> Task brief
Would you output, exactly as written, the line with "بيت فلسطين يستضيف" and all lines after it to the end of the data below, and no others?

> Dataset extract
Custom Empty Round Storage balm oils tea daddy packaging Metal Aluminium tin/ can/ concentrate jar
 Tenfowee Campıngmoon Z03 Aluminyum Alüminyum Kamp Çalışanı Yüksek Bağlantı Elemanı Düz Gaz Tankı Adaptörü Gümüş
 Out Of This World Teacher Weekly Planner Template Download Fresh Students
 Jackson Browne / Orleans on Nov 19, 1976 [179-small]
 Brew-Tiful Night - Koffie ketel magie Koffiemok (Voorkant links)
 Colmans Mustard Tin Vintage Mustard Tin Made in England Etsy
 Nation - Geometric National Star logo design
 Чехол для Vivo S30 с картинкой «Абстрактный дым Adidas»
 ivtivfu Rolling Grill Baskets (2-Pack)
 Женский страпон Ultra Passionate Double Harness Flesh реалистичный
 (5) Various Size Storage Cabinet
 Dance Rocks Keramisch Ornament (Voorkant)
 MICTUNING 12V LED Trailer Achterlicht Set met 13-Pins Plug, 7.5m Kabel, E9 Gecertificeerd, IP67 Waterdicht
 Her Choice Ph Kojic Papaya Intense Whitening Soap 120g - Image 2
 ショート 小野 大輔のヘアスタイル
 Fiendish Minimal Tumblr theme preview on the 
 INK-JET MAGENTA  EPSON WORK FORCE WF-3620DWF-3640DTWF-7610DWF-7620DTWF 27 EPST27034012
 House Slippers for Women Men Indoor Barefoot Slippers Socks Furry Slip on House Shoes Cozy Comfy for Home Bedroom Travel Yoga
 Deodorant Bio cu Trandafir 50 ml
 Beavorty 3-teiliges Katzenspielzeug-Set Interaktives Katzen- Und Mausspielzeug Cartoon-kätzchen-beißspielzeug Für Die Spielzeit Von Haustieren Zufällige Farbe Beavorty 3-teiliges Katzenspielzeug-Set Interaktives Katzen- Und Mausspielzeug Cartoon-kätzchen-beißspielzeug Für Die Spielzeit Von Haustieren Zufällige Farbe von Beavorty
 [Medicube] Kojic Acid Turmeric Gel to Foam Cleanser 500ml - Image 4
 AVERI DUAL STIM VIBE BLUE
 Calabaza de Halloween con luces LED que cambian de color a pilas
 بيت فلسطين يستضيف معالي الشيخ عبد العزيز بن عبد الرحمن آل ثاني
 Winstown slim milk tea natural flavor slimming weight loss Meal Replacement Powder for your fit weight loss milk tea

> Output below
 بيت فلسطين يستضيف معالي الشيخ عبد العزيز بن عبد الرحمن آل ثاني
 Winstown slim milk tea natural flavor slimming weight loss Meal Replacement Powder for your fit weight loss milk tea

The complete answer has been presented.